Tout d’abord, il est nécessaire pour les gabiers de connaître l’emplacement de chacune des manœuvres et des points de tournage, ce pourquoi ils révisent continuellement en testant les matières, la résistance et en observant où partent les cordages dans le gréement, afin de reconnaître cargues, drisses, balancines, écoutes, amures, bras et contre-bras…
Ensuite, on peut observer depuis le pont de la frégate les plus beaux ciels étoilés de nos vies. De ceux qui s’emplissent encore et toujours plus d’étoiles, à mesure que nos pupilles se font à l’obscurité.
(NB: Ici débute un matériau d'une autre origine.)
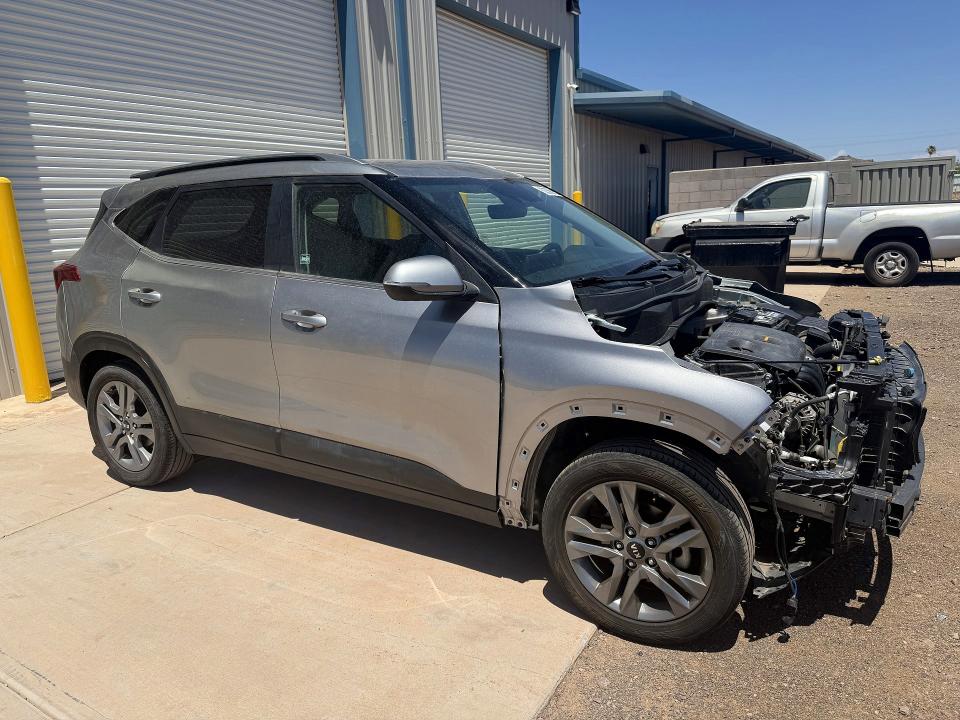 Продаж на аукціоні авто 2021 Kia Seltos, vin: KNDEU2AA8M7090475, номер лоту: 63336616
De ceux qui nous font rire devant une telle beauté, surtout lorsqu’on s’aperçoit qu’aux lumières du ciel répondent les palpitations vertes du plancton bioluminescent. De ceux qui nous rappellent combien nous sommes tout petits dans cet univers tout en nous donnant l’impression, l’espace d’un instant, d’en être le centre. Le spectacle offert par une nuit étoilée sans lune depuis le pont de L’Hermione est sans pareil. Et malheureusement, absolument impossible à transmettre en image…
Puis vient 4h du matin. Et le retour à la « niche » pour les gabiers tribordais, soulagés de laisser aux volontaires de milieu la charge du pont. Tribord ne ressortira de ses bannettes et hamacs que vers 10h30 / 11h pour le repas de midi, avant d’attaquer un nouveau quart… dans la seconde partie de notre vidéo.
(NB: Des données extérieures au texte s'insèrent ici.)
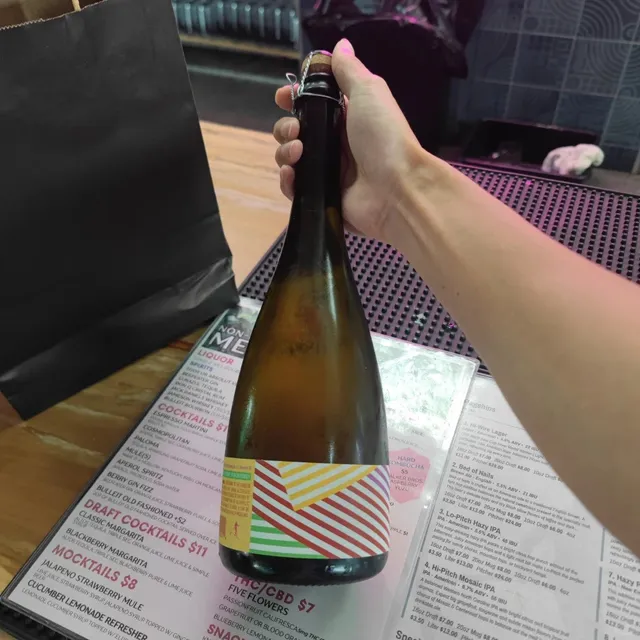 Charlotte Exploration | Hi-Wire 🍻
Pour le reste, la navigation suit son cours tranquillement. Aujourd’hui, les tiers se sont attaqués au calfatage et attendent une journée de repos ce dimanche. Le bosco a en effet annoncé que, en dehors des tâches obligatoires (barre, veille, ronde, réglages de voiles en cas de changement du vent…) et d’un peu de ménage, le dimanche serait une journée « off » à bord, afin de marquer le passage des semaines et de rompre la monotonie de la traversée.
L’occasion de vous montrer comment se déroulent les quarts de jour et, les occupations des volontaires lorsqu’ils ont quelques heures de repos entre leurs quarts, les repas dans la batterie, signalés par le son de la grande cloche (seule propriétaire d’une corde à bord, tous les autres sont des cordages !) et le sommeil dans le faux-pont.
Une nouvelle fois, Olivier a fait une petite entorse au rythme traditionnel afin de vous montrer la relève de poste à la barre ainsi qu’à la veille, mais également de participer aux manœuvres et aux travaux dans la mâture dont un spectaculaire concernant la poulie de la drisse du petit perroquet.
Comme dit précédemment, en temps normal les 2 barreurs, le rondier et le veilleur tournent toutes les heures entre ces 4 postes durant leur quart. L’utilisation du suif est un élément qui peut également surprendre. Il s’agit en réalité du meilleur moyen de se débarrasser du goudron dont les cordages sont imbibés et que l’on a inévitablement sur le corps après un travail dans le gréement. La musique est également omniprésente sur le pont, puisque des volontaires sont en repos à tout moment de la journée.